## Collection entries
--- START ---

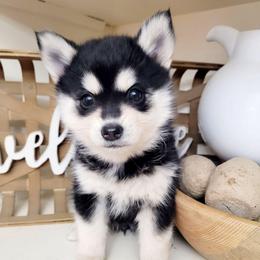 Winnie - Black and white female Pomsky puppy in Sand Coulee, Montana from Big Sky Pomskies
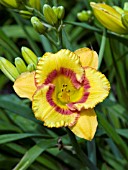 HEMEROCALLIS TIGERLING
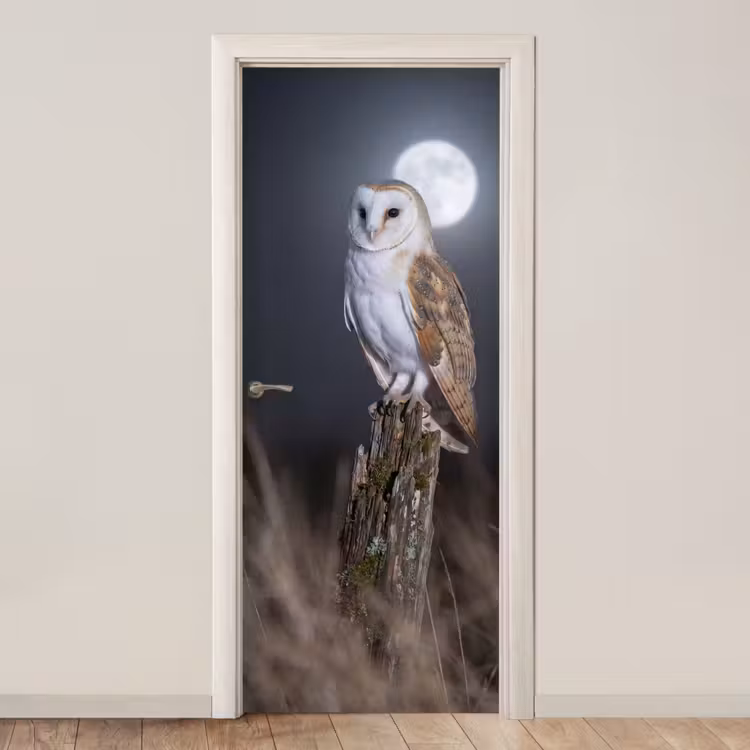 Kerkuil - Maan - Nacht deurposter klein -3d_beige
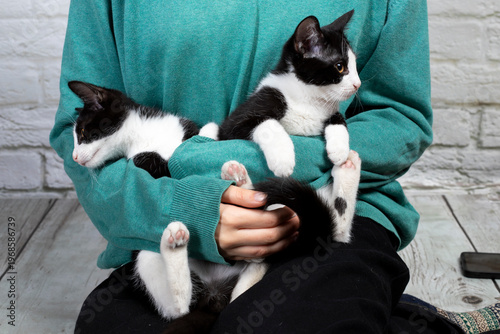 mały kotek czarno-biały na rękach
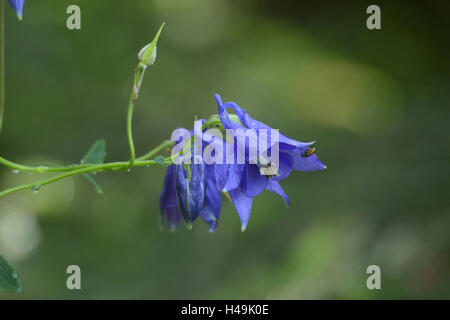 Common aquilegia, Aquilegia vulgaris, blossom, Stock Photo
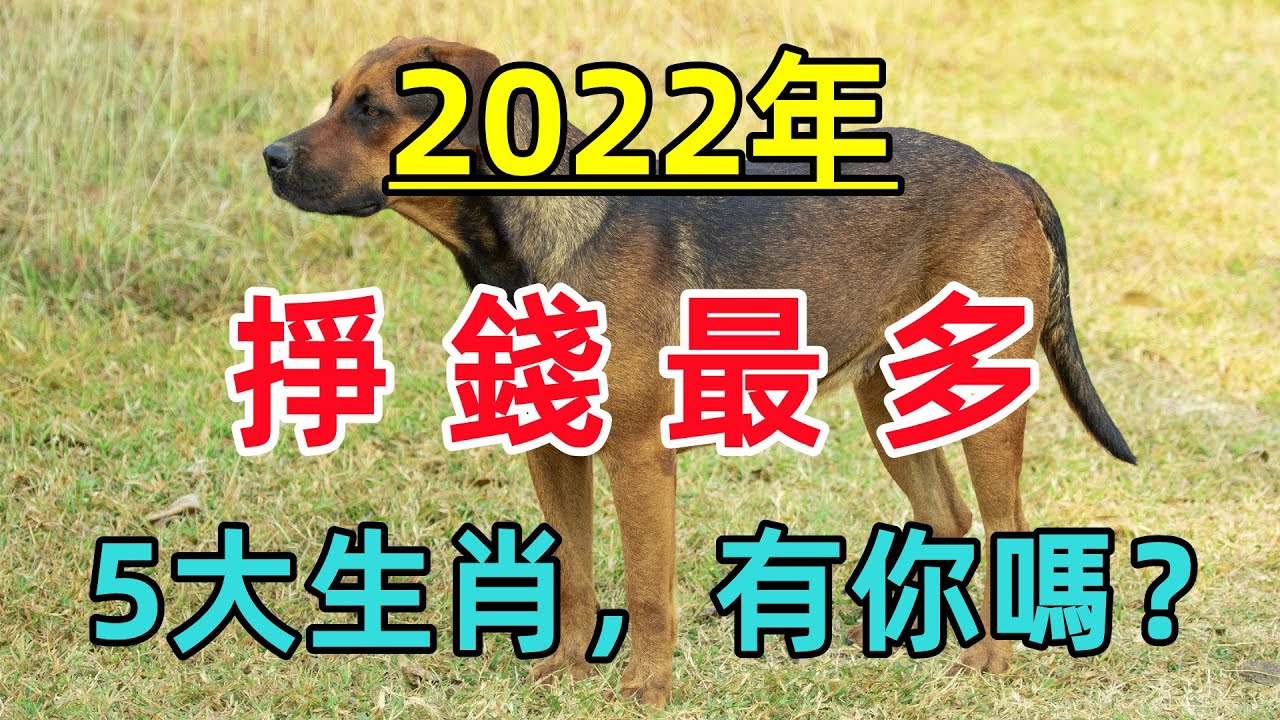 2022年挣钱最多的5大生肖,横财满天飞,大财小财不断!哔哩哔哩bilibili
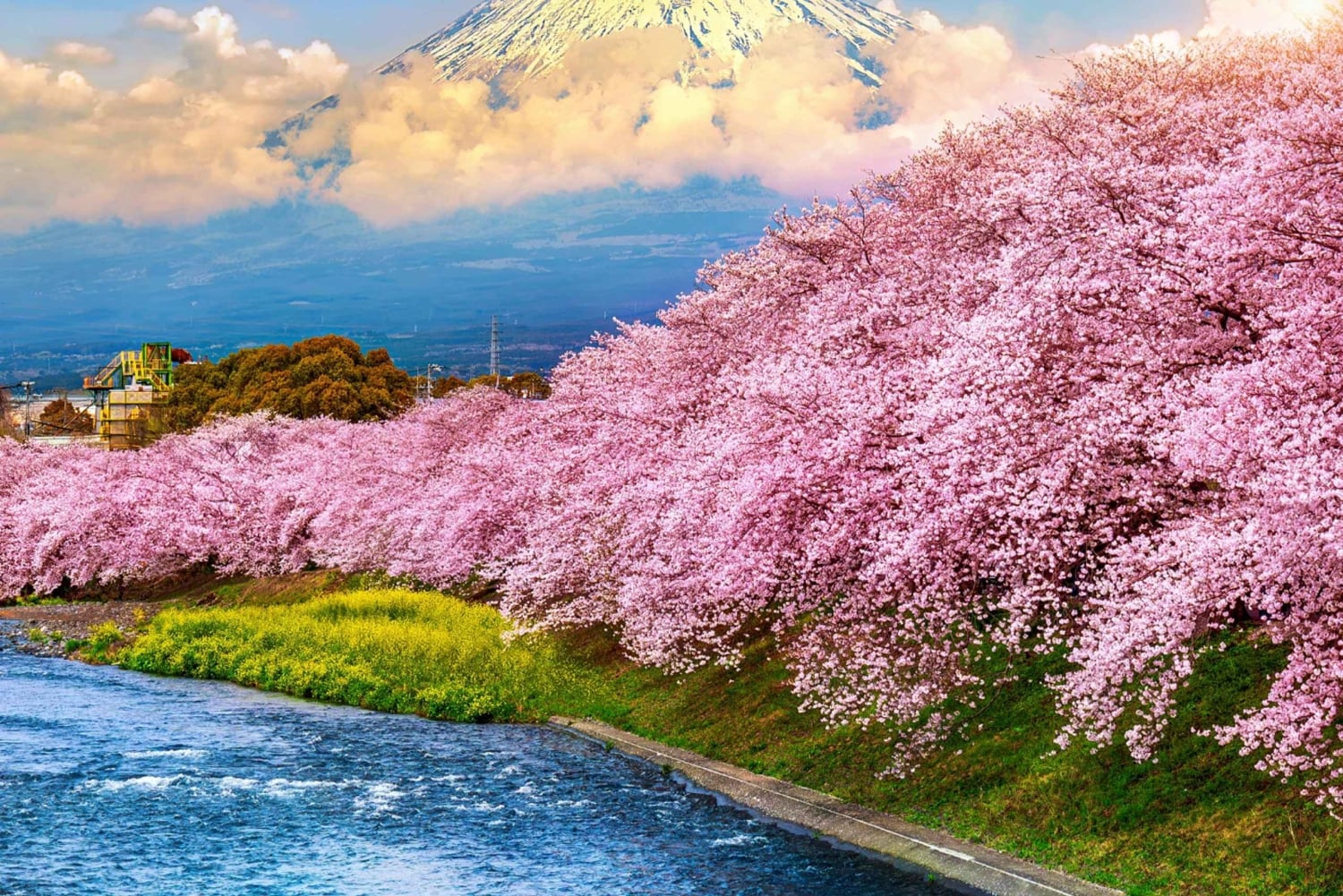 From Tokyo: Mt Fuji Private Day Tour In Luxury Land Cruiser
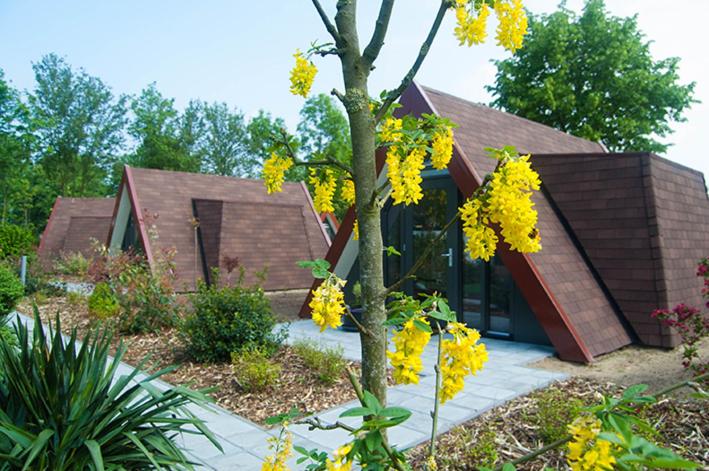 Bij Het BuitenGoed - B&B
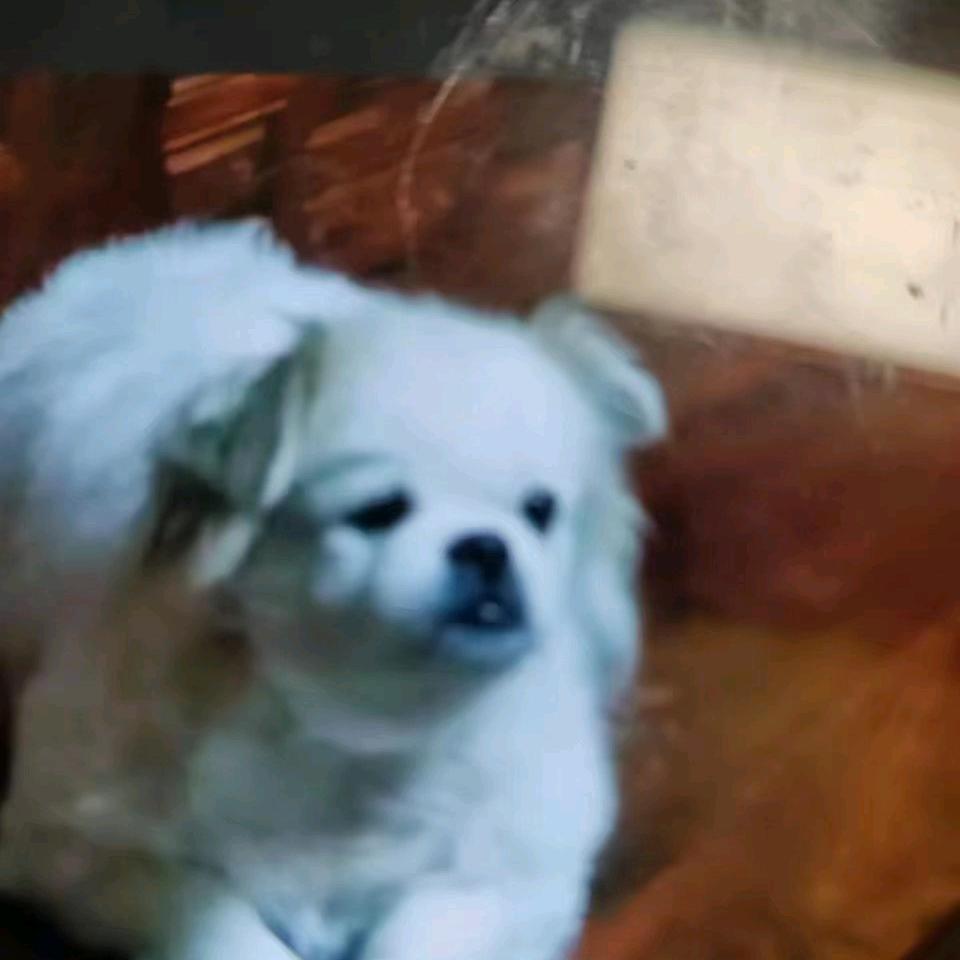 小群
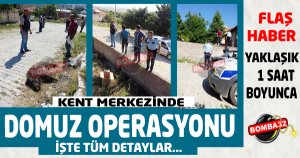 YABAN DOMUZU OPERASYONU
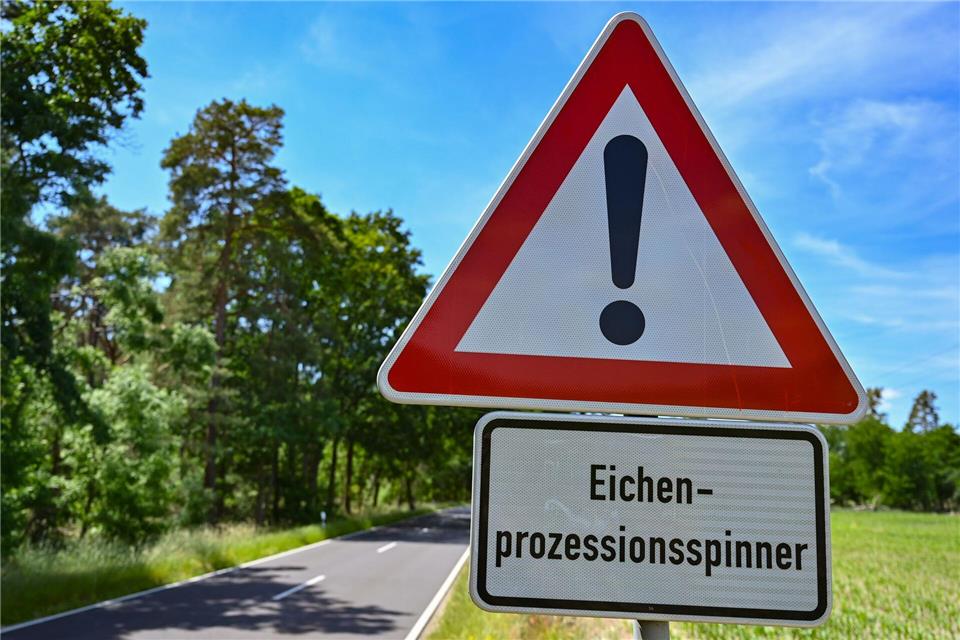 Warnung vor dem Eichenprozessionsspinner. (Archivbild)Patrick Pleul/dpa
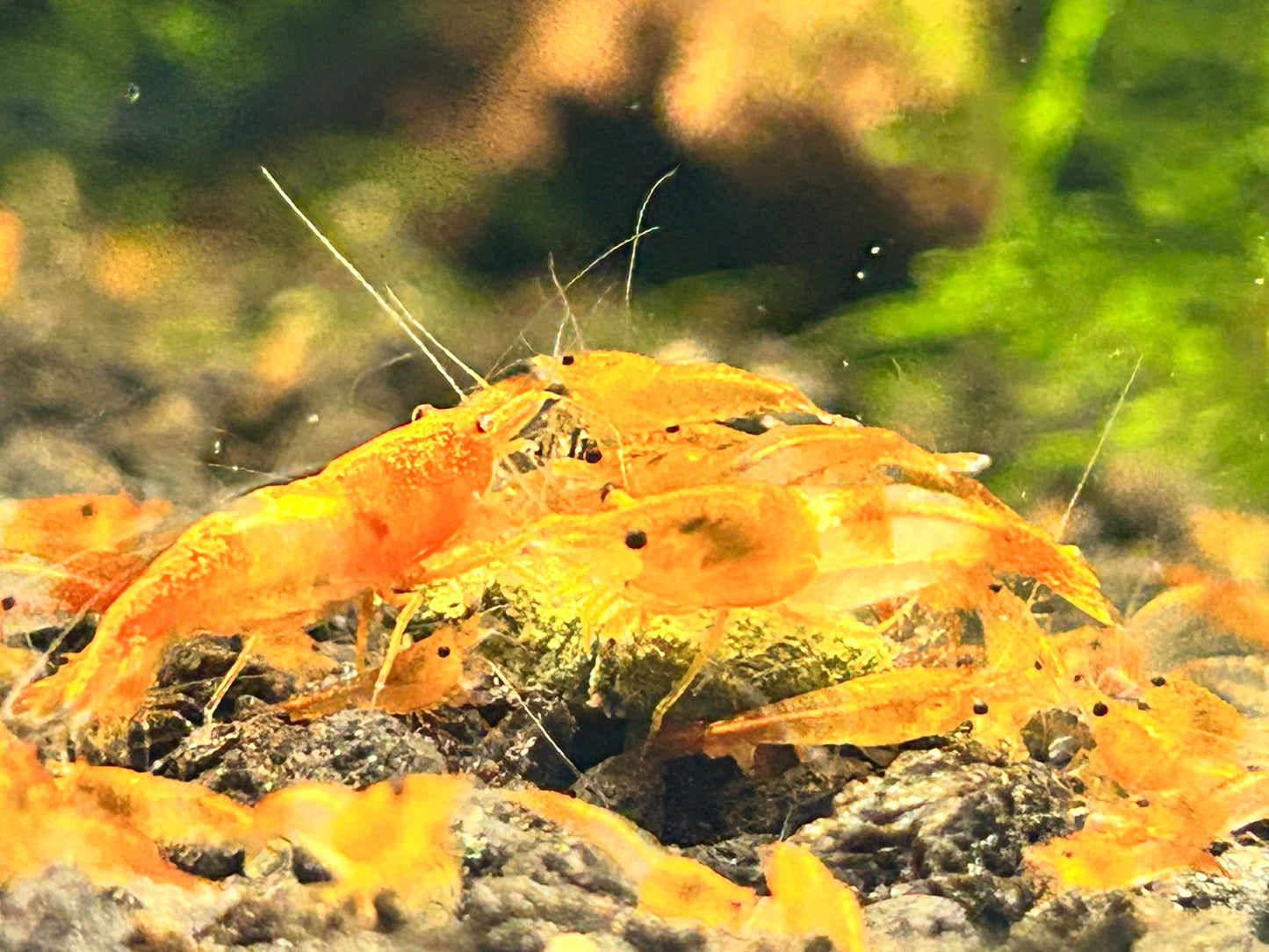 10 Orange Rili Shrimps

--- END ---

## EXERCISE DIRECTIONS
Keep the pictures out while you retype all of the data above exactly as it appears.

## REPLY TO THE EXERCISE
 Winnie - Black and white female Pomsky puppy in Sand Coulee, Montana from Big Sky Pomskies
 HEMEROCALLIS TIGERLING
 Kerkuil - Maan - Nacht deurposter klein -3d_beige
 mały kotek czarno-biały na rękach
 Common aquilegia, Aquilegia vulgaris, blossom, Stock Photo
 2022年挣钱最多的5大生肖,横财满天飞,大财小财不断!哔哩哔哩bilibili
 From Tokyo: Mt Fuji Private Day Tour In Luxury Land Cruiser
 Bij Het BuitenGoed - B&B
 小群
 YABAN DOMUZU OPERASYONU
 Warnung vor dem Eichenprozessionsspinner. (Archivbild)Patrick Pleul/dpa
 10 Orange Rili Shrimps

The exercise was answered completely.